Data for this task START

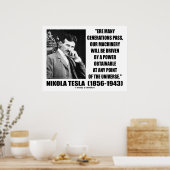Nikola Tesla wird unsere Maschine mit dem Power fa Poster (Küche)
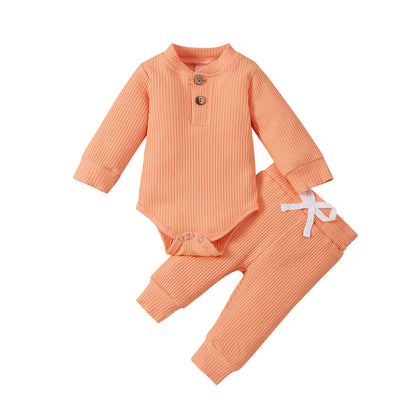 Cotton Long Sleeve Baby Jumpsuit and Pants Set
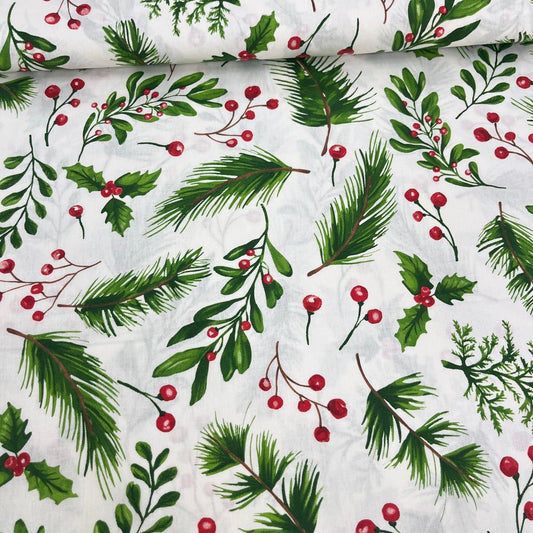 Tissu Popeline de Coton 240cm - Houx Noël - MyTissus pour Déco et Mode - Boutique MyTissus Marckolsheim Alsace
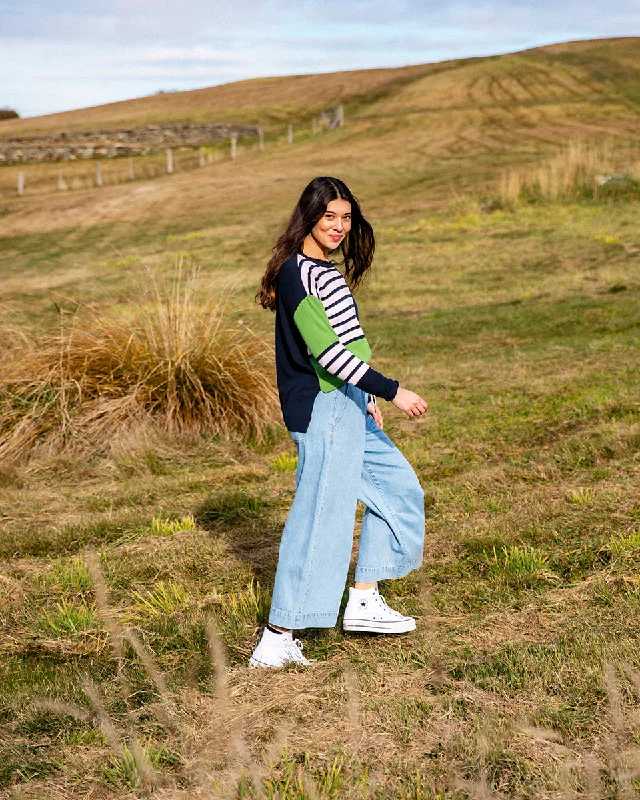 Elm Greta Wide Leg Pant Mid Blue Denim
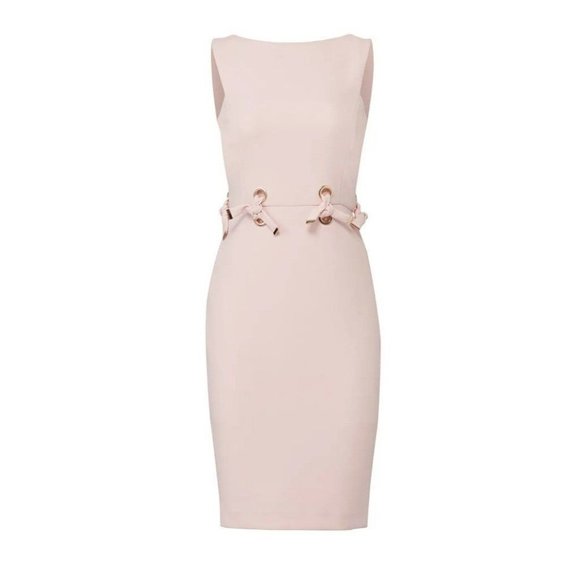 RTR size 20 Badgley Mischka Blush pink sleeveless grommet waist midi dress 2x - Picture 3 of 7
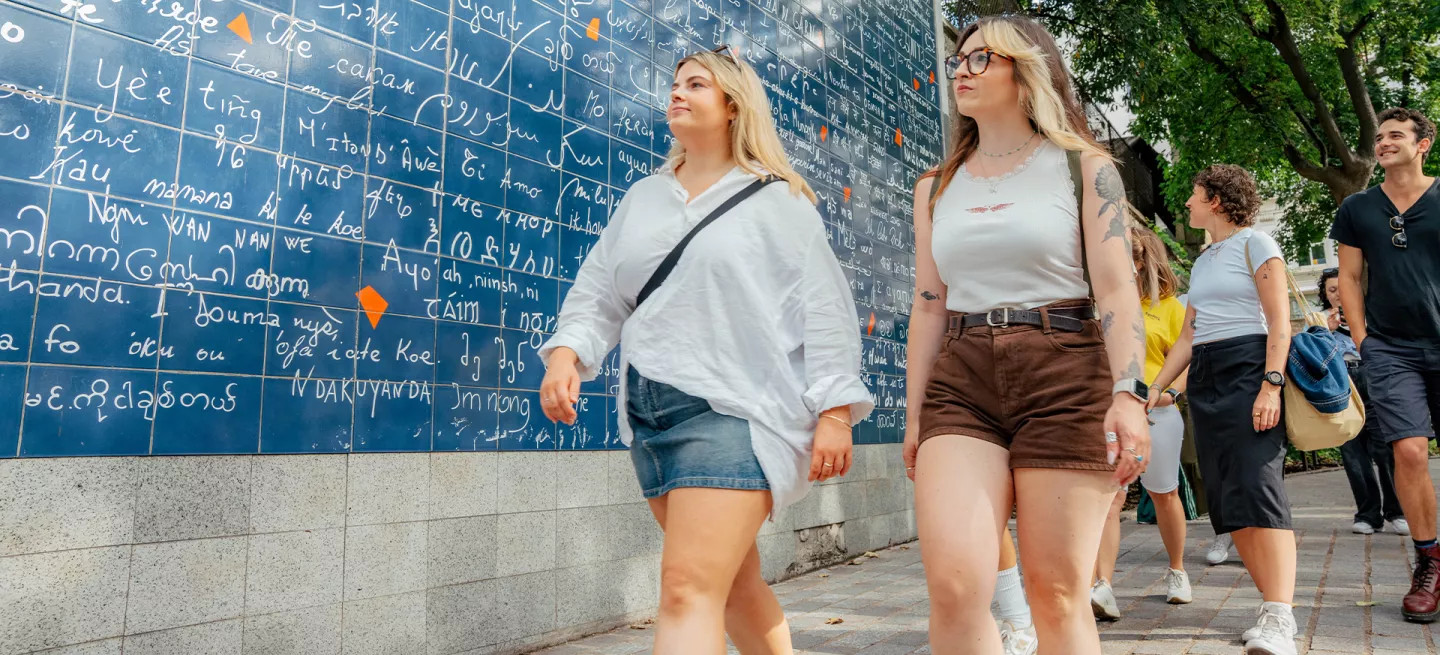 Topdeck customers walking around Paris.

Data for this task END

§ **The problem**
Retype verbatim only the lines beginning with the line that contains "Cotton Long Sleeve" and ending with the last line of the listing above; pictures are to be excluded.

§ **The answer**
 Cotton Long Sleeve Baby Jumpsuit and Pants Set
 Tissu Popeline de Coton 240cm - Houx Noël - MyTissus pour Déco et Mode - Boutique MyTissus Marckolsheim Alsace
 Elm Greta Wide Leg Pant Mid Blue Denim
 RTR size 20 Badgley Mischka Blush pink sleeveless grommet waist midi dress 2x - Picture 3 of 7
 Topdeck customers walking around Paris.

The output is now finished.